Norman elementary school assigns books sympathetic to illegal immigration
As much as I support Ryan Walters’ attempts to root out leftist ideology from our classrooms, it appears that the most damaging instances are flying completely under the radar, and finding their way into the classroom without anyone noticing.
A recent example of how students are being exposed to left-wing ideas is two books that have been assigned to fifth grade students at McKinley Elementary in their advanced reading course: “The Path to Paper Son”, by Grant Din, and “Louis Share Kim”, by Barbara D. Krasner. Both books can be listened to in their entirety in the YouTube link provided.

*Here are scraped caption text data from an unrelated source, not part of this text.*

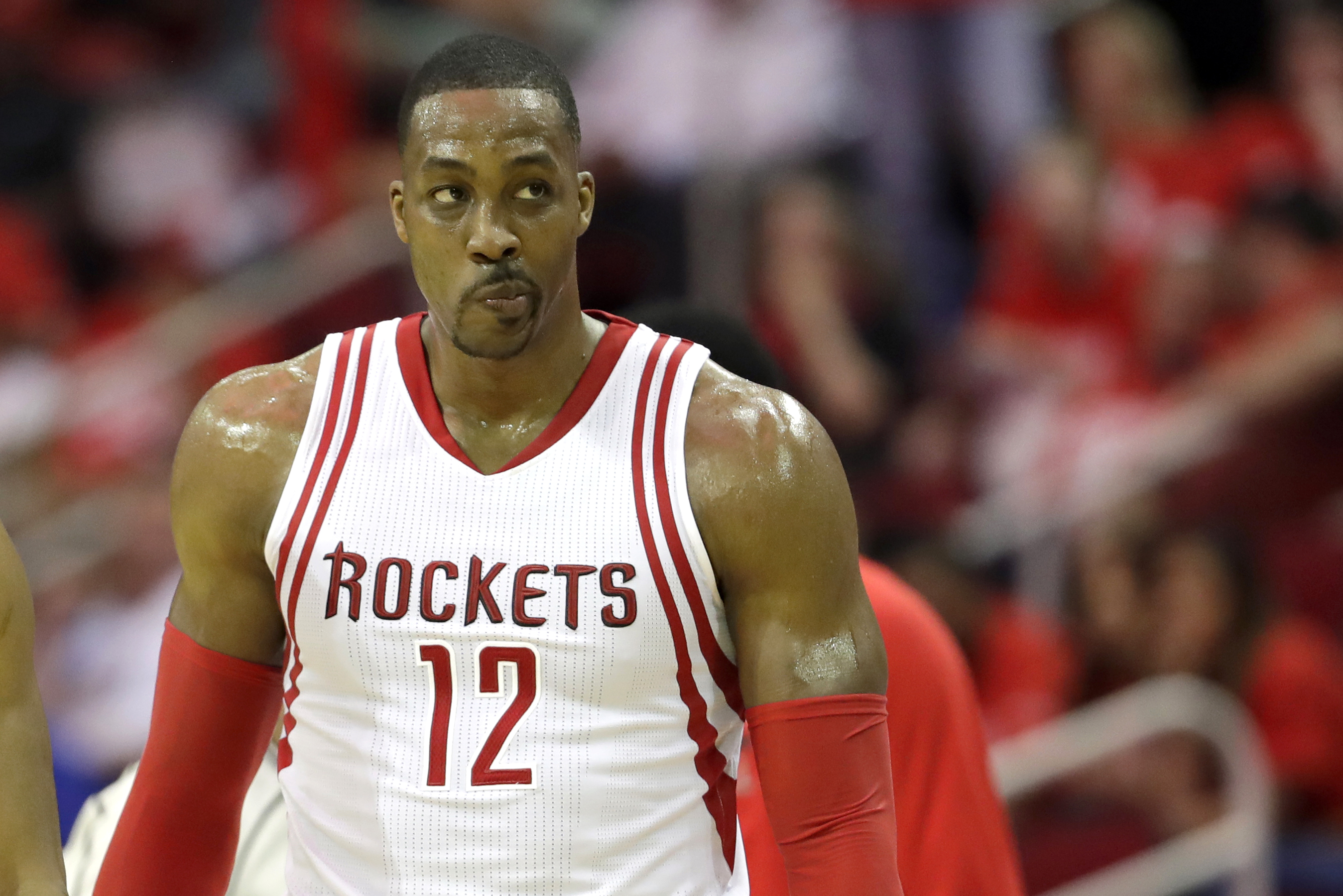 Dwight Howard opting out of Rockets contract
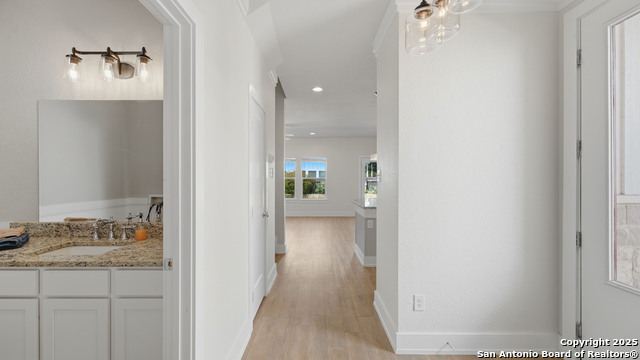 Image 3 of 38 For 223 Sapphire # 1002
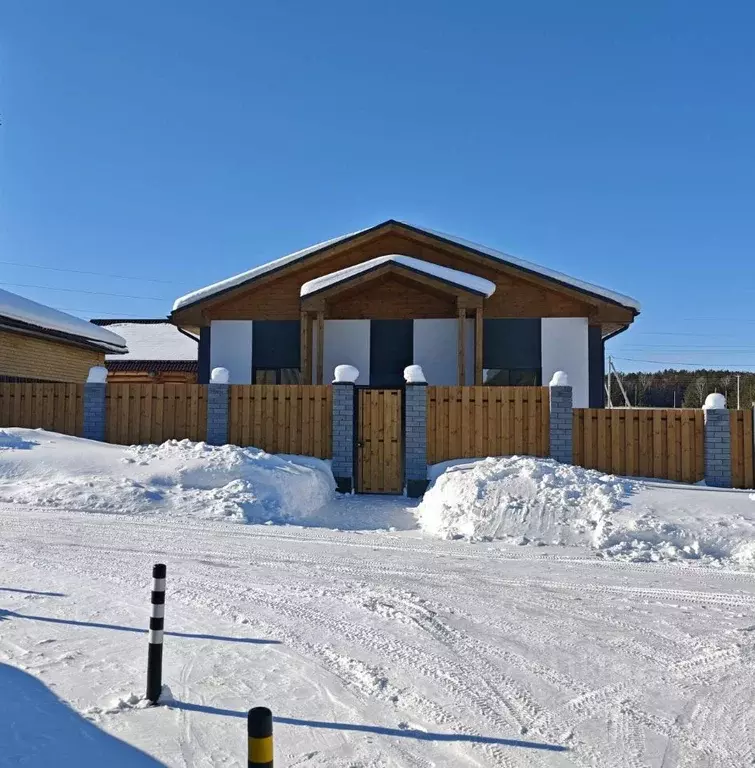 Дом в Свердловская область, Сысертский муниципальный округ, с. ... - Фото 1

The books are fictionalized accounts of how Chinese immigrants in the 19th century tricked American immigration officials into allowing illegal Chinese immigrants to gain US citizenship by falsely claiming that Chinese nationals were a part of their family. The books paint a sympathetic portrait of this dishonest tactic, justifying it on the grounds that living in China was too dangerous for these Chinese citizens, and so they must immigrate to the US by any means necessary on humanitarian grounds.
The books are a part of the MyView Literacy program that is used as the primary curriculum at Norman Public Schools, and I believe the primary pipeline through which this political ideology is infiltrating our schools and reaching our students’ minds.
Are these books appropriate for impressionable elementary students? How will these books alter the worldview of young American children, particularly how it relates to our modern immigration crisis? We are experiencing the greatest crisis of illegal immigration that this country has experienced in decades, and justifications for allowing it to continue are identical with the justifications for the Chinese immigration described in these books.
The MyView curriculum appears designed to foster an emotional judgment of immigration long before the true facts of the negative effects of invasion-level immigration reaches our children, and long before they’ve developed the capacity and maturity to understand them. As we know, a deeply-held emotional prejudice will easily overpower facts learned later.
The implicit moral of these two books is that it is okay to allow illegal immigration, even if it means breaking the law, if doing so allows foreign illegals to escape homeland for a better life.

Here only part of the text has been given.